* [What you are asked to do]: Among the lines below, keep only those from the one containing "Кейс для CD, DVD, Blue-Ray дисков" through the one containing "Be quiet! 650W", and reproduce them exactly.

* [Listed entries]:

- Opening Delimiter -

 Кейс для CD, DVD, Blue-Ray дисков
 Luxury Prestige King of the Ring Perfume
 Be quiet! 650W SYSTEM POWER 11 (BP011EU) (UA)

- Closing Delimiter -
- Opening Delimiter -

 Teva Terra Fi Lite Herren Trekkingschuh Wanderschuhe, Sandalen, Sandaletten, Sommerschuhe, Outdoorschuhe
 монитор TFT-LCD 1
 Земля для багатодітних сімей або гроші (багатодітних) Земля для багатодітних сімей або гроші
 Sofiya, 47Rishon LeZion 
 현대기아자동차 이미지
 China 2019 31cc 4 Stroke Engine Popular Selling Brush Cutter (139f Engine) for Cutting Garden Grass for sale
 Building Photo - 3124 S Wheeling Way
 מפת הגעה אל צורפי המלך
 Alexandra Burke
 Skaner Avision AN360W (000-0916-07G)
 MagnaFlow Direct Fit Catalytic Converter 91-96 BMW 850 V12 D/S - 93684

- Closing Delimiter -

* [Written response]:
 Кейс для CD, DVD, Blue-Ray дисков
 Luxury Prestige King of the Ring Perfume
 Be quiet! 650W SYSTEM POWER 11 (BP011EU) (UA)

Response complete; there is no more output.